Electrically-powered multirotor Unmanned Aerial Vehicles ( UAV) are highly susceptible to rotor loss failures, which can result in catastrophic events in urban centers. Redundancy implementation can improve reliability, but heavily affects multirotor UAV performance. Hence, this research work aims at developing a design framework that may optimize multirotor UAVs for both performance and reliability. For this matter, a controllability assessment will be implemented in the design
of multirotor UAVs to ensure fault-tolerant design. An exploration of the design methodologies of multirotor UAVs demonstrates that only one
includes redundancy analysis linked to controllability. The methodologies are classified into three major groups: empirical, analytical modeling and simulations, and analytical catalog-based. These classes are compared in a case study to demonstrate that analytical modeling and simulations are best suited for redundancy implementation due to their affinity with both innovation and reliability.
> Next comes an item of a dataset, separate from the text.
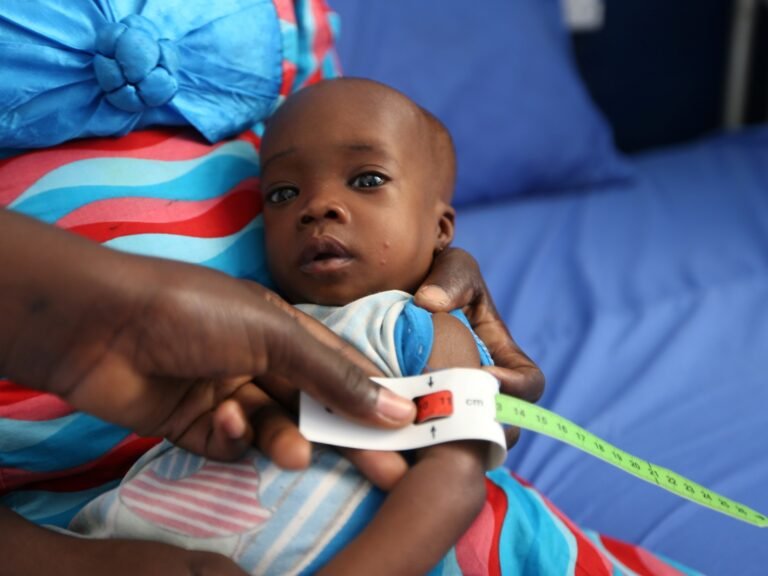 Malnutritie in Nigeria eist leven van 652 kinderen in de afgelopen zes maanden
Since traditional controllability is not sufficient for multirotor UAVs, alternatives are evaluated. The Degree of Controllability ( DoC) is chosen since it possesses recovery time requirement potential and the simple inclusion of disturbances. After modification for the application of the DoC to multirotor UAVs, it is implemented within the optimization framework of an analytical modeling and simulation design methodology, optimizing multirotor UAVs for both performance and reliability. The potential recovery time requirements of the DoC prove inconclusive because its value scales with time. Future works, through reference recovery regions, could forge toward aircraft-level controllability requirements. Nevertheless, including the DoC as a constraint yields fault-tolerant designs at a severe cost in computing time.